Atheist Group to Sponsor Anti-Christmas Billboards Featuring Jesus, Santa & Satan

"Happy Holidays!"

American Atheists announced Monday on their "No God Blog" a new billboard campaign in their continued effort in "laboring for the civil liberties of atheists," but in reality just upsetting those who disagree with their theological stance.  A press release for the American Atheists' new holiday season billboard campaign reads:

"American Atheists announced today that their new billboard is going up in several locations nationwide, including the New Jersey side of the Lincoln Tunnel: the same location as last year’s famous 'You KNOW it’s a MYTH' billboard. The new billboard will also be going up in Ohio and Florida.

This year’s holiday season billboard features pictures of Neptune, Jesus, Santa Claus, and the Devil and says, '37 Million Americans know MYTHS when they see them. What do you see?'”
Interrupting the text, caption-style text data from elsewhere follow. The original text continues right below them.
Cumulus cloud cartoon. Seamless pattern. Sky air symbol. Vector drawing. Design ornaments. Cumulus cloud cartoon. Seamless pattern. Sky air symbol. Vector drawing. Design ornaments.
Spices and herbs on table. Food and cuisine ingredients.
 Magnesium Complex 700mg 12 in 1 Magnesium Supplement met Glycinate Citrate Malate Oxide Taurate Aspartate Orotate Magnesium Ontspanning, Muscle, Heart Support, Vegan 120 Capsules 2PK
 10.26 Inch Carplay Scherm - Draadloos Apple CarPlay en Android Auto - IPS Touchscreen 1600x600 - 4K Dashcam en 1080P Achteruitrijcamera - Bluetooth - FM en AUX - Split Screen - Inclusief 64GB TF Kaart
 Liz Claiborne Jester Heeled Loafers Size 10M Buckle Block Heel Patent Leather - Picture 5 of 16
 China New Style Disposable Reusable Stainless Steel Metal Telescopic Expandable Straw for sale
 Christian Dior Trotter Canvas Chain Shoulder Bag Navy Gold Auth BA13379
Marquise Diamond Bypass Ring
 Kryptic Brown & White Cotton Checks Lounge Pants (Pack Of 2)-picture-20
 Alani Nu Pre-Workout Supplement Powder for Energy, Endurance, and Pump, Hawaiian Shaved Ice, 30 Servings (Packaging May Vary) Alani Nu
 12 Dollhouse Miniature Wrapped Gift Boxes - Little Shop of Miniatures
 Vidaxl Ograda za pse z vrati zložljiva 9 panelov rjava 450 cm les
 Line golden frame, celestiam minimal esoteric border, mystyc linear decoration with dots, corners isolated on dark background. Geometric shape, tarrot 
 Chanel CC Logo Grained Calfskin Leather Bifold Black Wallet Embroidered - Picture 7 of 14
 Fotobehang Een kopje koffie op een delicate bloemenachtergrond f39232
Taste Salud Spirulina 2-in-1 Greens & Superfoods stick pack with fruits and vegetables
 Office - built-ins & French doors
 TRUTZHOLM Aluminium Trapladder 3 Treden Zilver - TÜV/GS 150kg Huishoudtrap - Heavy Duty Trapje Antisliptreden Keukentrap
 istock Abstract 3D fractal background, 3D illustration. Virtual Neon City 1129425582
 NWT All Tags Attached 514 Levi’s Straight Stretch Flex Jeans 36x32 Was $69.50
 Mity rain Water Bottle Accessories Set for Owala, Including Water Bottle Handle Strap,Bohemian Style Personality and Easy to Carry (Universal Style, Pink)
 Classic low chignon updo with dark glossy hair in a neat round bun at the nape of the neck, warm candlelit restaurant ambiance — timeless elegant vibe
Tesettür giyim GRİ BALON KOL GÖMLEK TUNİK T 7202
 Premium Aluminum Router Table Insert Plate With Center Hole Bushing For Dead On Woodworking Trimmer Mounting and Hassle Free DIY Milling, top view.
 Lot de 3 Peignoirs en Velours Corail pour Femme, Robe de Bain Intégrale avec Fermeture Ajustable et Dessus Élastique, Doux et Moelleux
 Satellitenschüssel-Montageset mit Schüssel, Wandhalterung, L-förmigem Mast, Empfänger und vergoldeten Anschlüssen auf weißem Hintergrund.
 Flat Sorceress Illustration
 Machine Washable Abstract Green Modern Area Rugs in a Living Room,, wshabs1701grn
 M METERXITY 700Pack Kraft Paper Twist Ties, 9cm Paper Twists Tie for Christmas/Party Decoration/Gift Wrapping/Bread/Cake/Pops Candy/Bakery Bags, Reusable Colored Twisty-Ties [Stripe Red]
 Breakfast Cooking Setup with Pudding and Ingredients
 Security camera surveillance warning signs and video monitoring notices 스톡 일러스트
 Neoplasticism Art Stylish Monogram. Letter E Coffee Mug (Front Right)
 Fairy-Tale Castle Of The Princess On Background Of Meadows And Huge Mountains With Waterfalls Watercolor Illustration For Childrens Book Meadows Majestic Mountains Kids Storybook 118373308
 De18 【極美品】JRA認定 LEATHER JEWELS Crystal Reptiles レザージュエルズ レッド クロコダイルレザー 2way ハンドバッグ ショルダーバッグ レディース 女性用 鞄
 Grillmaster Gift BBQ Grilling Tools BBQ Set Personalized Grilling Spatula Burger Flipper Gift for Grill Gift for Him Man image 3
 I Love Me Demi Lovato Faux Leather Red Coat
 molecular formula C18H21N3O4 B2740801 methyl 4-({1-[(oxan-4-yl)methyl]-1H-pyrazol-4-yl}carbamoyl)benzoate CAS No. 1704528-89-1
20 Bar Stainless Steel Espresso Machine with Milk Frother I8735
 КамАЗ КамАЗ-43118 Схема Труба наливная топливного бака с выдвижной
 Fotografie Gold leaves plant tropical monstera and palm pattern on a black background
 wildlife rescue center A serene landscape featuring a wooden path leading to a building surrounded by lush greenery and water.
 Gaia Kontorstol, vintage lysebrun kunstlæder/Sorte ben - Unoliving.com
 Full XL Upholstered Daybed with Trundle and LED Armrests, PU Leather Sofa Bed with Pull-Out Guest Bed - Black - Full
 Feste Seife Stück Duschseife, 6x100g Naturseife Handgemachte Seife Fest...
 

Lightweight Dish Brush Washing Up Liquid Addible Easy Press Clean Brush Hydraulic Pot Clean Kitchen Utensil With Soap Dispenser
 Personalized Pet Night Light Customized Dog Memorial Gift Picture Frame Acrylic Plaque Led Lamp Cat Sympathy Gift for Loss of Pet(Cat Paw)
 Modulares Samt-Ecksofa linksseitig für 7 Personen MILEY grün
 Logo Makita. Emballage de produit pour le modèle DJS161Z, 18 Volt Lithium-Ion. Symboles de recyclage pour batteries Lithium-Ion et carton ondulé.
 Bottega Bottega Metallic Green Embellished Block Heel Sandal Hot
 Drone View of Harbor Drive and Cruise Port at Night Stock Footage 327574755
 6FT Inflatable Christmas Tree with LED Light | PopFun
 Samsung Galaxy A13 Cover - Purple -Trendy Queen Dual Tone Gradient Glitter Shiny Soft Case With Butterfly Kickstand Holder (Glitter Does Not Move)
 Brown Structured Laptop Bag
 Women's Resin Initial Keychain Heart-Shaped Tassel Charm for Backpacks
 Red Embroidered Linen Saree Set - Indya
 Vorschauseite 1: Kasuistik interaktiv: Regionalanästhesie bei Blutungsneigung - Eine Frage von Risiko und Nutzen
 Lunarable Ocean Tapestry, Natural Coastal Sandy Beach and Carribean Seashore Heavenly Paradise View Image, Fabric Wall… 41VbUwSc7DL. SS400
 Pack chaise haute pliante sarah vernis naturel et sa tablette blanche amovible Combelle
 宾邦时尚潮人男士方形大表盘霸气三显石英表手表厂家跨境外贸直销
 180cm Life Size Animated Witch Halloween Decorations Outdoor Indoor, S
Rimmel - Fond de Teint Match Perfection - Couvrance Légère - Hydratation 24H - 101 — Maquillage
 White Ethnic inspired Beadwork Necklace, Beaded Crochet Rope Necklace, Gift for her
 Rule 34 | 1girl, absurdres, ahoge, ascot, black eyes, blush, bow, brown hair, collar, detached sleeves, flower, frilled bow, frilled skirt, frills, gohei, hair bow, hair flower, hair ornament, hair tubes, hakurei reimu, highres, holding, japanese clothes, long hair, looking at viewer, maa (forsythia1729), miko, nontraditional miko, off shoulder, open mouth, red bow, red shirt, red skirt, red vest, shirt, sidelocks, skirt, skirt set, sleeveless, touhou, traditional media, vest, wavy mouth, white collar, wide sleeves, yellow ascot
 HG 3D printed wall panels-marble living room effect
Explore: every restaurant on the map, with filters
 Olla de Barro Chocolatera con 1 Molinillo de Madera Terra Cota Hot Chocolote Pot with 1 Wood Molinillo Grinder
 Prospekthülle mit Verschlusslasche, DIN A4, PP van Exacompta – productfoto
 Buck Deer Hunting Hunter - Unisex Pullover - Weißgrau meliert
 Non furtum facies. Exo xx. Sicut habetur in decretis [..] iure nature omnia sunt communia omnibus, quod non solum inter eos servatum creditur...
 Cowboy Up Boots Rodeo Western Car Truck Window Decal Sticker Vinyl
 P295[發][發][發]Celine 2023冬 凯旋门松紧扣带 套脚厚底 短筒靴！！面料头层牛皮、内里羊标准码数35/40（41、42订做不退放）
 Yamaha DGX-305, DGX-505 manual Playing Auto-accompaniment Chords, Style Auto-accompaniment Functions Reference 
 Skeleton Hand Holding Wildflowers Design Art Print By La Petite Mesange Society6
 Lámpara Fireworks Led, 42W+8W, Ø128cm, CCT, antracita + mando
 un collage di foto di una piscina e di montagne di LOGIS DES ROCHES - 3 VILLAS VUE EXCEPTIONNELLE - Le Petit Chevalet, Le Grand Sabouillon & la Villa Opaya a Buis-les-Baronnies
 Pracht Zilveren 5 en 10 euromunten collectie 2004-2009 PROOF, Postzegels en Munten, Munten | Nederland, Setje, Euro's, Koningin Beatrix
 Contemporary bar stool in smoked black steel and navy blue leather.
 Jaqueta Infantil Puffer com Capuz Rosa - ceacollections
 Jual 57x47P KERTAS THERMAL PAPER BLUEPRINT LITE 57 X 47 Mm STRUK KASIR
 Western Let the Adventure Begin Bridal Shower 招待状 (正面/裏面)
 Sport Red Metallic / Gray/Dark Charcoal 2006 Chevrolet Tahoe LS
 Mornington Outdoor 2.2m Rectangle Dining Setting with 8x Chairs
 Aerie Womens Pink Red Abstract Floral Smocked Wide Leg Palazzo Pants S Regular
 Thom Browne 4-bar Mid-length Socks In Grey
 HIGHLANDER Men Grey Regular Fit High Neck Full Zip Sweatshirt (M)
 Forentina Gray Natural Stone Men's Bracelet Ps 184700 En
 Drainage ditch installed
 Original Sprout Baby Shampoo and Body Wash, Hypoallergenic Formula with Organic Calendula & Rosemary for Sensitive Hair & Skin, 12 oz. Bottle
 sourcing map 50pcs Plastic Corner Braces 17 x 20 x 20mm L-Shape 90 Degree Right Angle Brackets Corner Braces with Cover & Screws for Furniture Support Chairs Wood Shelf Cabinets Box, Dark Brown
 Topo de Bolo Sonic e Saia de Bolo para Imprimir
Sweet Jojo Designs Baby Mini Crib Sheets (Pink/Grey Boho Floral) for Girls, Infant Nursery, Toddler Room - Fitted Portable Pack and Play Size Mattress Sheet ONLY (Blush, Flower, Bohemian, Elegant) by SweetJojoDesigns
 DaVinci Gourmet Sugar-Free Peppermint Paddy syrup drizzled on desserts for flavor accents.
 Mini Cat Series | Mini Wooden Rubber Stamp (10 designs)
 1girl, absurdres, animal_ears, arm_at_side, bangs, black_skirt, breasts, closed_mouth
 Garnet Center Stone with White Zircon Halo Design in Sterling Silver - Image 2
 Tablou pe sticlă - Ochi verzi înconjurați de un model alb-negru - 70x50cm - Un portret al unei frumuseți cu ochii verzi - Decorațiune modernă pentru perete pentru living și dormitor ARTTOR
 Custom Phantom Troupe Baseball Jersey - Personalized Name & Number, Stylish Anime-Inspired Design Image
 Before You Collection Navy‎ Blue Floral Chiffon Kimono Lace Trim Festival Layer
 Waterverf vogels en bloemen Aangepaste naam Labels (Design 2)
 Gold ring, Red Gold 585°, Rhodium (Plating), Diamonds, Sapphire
The organization's Communications Director Blair Scott went on to say:

“Every year groups like The Catholic League and American Family Association told Americans about a war on Christmas that simply did not exist. Last year we thought we would give them what they seemed to want and fired the first shot in the war on Christmas. To both groups we say, ‘Happy Holidays!’”

Anticipating the inevitability that their billboard will offend others, Dave Silverman, the president of American Atheists, said, "When you question someone’s long-held beliefs and doctrine they are going to be immediately offended and be on the defensive: it’s a known psychological phenomenon.”

Silverman is the same wordsmith who said the following when his group filed a lawsuit to stop a steel cross from being displayed at the National September 11 Memorial and Museum at Ground Zero:

"The WTC cross has become a Christian icon. It has been blessed by so-called holy men and presented as a reminder that their god, who couldn't be bothered to stop the Muslim terrorists or prevent 3,000 people from being killed in his name, cared only enough to bestow upon us some rubble that resembles a cross."

The group writes in a letter on their web site that the billboard campaign is not an effort to convert theists into atheists, but an "attempt to get the church pew atheists to consider what they are doing." It goes on to ask, "Why are they going through this ridiculous motion of pretending to believe in a myth, just to please other people?"